Тарвел знал, о чем говорил. Пробудившиеся у Гайвена магические способности ходили на устах у всего войска. И, к слову сказать, далеко не все солдаты с радостью восприняли новость, что служат отныне волшебнику. Магия — вещь странная и совершенно непонятная, никогда не знаешь, чего ожидать от практикующего ее. Конечно, всем известно, что волшебство может быть даром Господним, ведь полторы тысячи лет тому назад, когда Творец воплотился на земле в человеческом теле, первыми о том узнали ясновидящие маги, узревшие невиданной мощи вспышку на вечно бушующих полях Силы. Они увидали, как весь мир в один миг переменился, словно приняв иную форму, стоило Создателю вступить в пределы творения. Ведь творение, бывшее прежде ограниченным и незавершенным, достигло совершенства лишь тогда, когда давший начало ему сам сделался его частью — не умалившись, но расширивши созданный им мир до пределов самого себя. Так, во всяком случае, говорилось в Священном Писании. Ясновидящие маги отыскали Создателя, заключившего себя в тело человеческого младенца, воплотившегося на земле без отца и без матери, но как дитя всех мужчин и женщин человеческих, и отнесли его к Деве, что вскормила его своим молоком и воспитала впоследствии, как собственного сына. Да, магия вполне может быть добром, доказывало Писание. Но магия также способна быть и злом, ведь на что, как не на магию, опирался Повелитель Бурь, когда обрушился на род человеческий?

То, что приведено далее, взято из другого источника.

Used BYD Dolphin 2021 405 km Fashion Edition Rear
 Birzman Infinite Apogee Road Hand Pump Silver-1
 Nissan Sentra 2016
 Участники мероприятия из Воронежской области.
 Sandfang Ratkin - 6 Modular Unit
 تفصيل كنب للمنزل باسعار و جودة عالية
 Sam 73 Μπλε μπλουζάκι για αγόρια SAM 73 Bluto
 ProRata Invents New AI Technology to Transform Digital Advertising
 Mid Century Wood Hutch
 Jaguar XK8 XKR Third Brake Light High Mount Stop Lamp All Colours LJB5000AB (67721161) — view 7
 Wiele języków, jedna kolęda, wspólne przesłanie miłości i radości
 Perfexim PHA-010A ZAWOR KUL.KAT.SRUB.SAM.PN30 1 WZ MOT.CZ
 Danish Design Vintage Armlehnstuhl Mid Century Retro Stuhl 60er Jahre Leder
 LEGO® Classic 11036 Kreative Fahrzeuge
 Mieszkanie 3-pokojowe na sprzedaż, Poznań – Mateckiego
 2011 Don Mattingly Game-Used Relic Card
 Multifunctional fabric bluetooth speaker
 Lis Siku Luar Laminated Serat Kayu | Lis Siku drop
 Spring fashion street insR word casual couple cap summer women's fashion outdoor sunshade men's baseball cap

Наследник иберленского трона и без того обречен на вечное одиночество, обречен быть отделен от всех прочих людей, неважно, великих или малых, незримой стеной. Но волшебник, обладая недоступным простым смертным могуществом, одинок вдвойне. Чем больше шагов Гайвен сделает по дороге магии, тем в меньшей степени его будут считать человеком. Пока на него еще смотрят, как на едва начавшего брить усы юнца, чудаковатого, но безобидного книжника, но смотрят так исключительно по привычке. Скоро он окончательно сделается чуждым и непонятным для всех существом. Вот и сейчас, стоило Тарвелу упомянуть о колдовстве, некоторые из дворян осенили себя крестными знамениями.

— Я не могу обрушить стены Тимлейна, никакие стены не могу обрушить, — сообщил Гайвен после продолжительного молчания. — Вы же знаете, герцог. Когда мне нужно было справиться с Эрдером, Сила пришла. Но я не понимаю, как это получилось. Я не понимаю, как вызвать ее опять. Мне даже не хочется этого делать, вы сами можете видеть, чем мне пришлось заплатить за один-единственный раз. Если так нужно для спасения жителей столицы, я бы рискнул снова. Вот только, я не знаю, как это сделать.